I'm not convinced by the above argument, because it requires that
you pretend there's a significant difference between syntax errors and
"run time" errors (whatever those are). Syntax errors in a BEGIN
command are not going to leave you in an aborted transaction, because
the backend is not going to recognize the command as a BEGIN at all.
This means that frontends *must* be capable of dealing with the case
that a failed BEGIN didn't start a transaction. (Either that, or
they just assume their commands are always syntactically perfect,
which seems like pretty fragile programming to me; and the more weird
nonstandard options we load onto BEGIN, the less tenable the position
becomes. For example, if you feed BEGIN option-foo to a server that's
a bit older than you thought it was, you will get a syntax error.)

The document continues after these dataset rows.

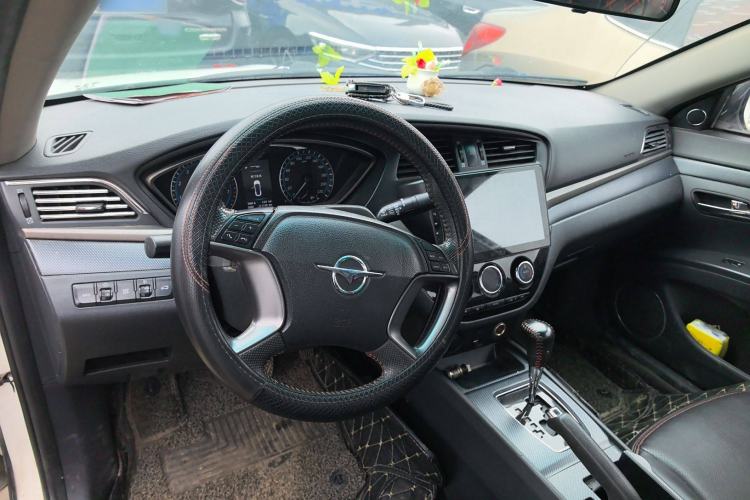 Used Haima M6 2015 1.5T CVT Sporty Smart Model Interior 3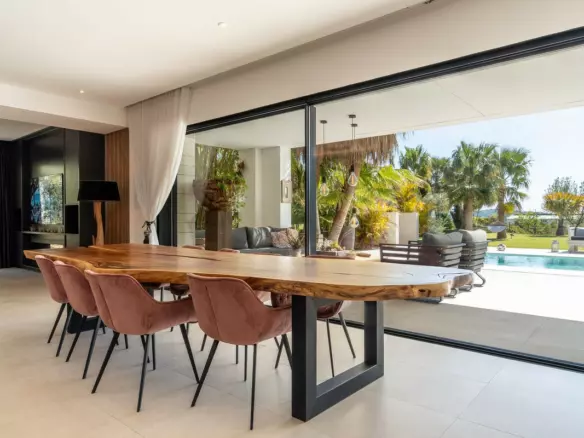 4-bedroom Villa In Mijas, Spain (538 M²)
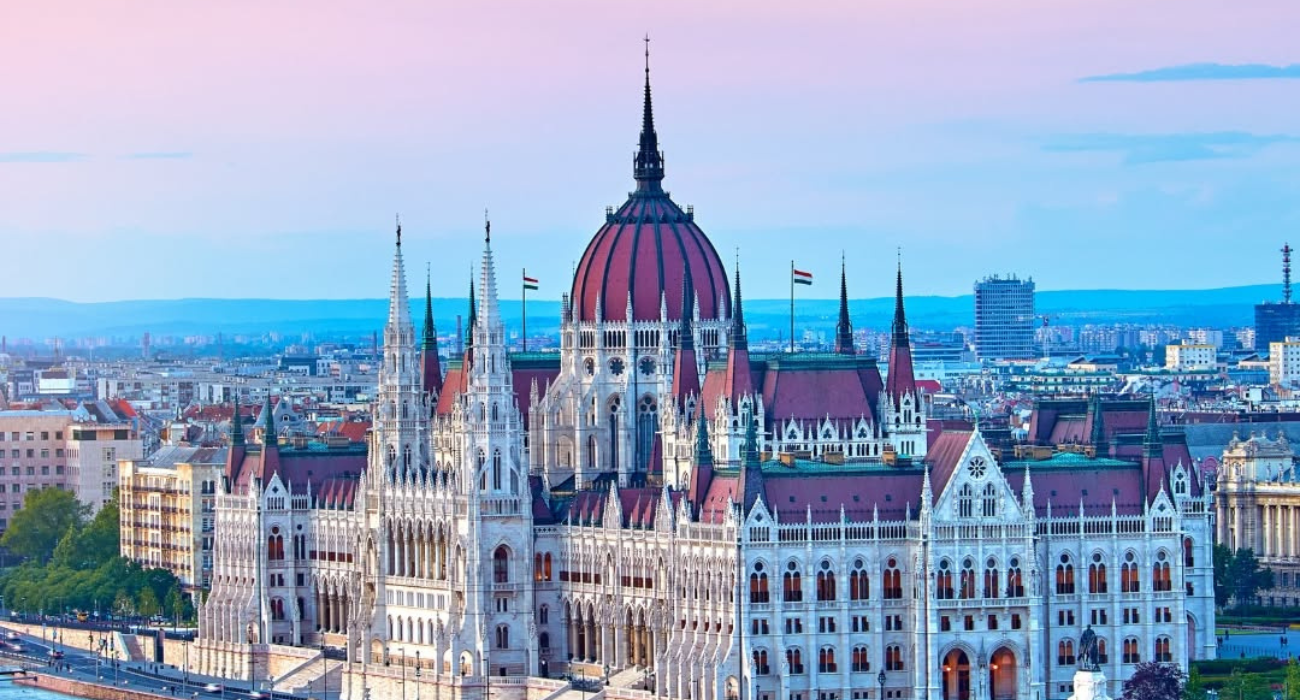 BUDAPEST SHORT BREAK Plus Danube River Cruise + City Tour - Image 1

If we have some failure cases that start a transaction and some that do
not, we just have a mess, IMO.
I think we'd be far better off to maintain the position that a failed
BEGIN does not start a transaction, under any circumstances. To do
that, we cannot have this new option attached to the BEGIN, which is a
good thing anyway IMO from a standards compatibility point of view.
It'd be better to make it a separate utility statement. There is no
logical problem in doing that, and we already have a precedent for
utility statements that do something special before the transaction
snapshot is taken: see LOCK.
In fact, now that I think about it, setting the transaction snapshot
from a utility statement would be functionally useful because then you
could take locks beforehand.
And as a bonus, we don't have a backwards compatibility problem to solve.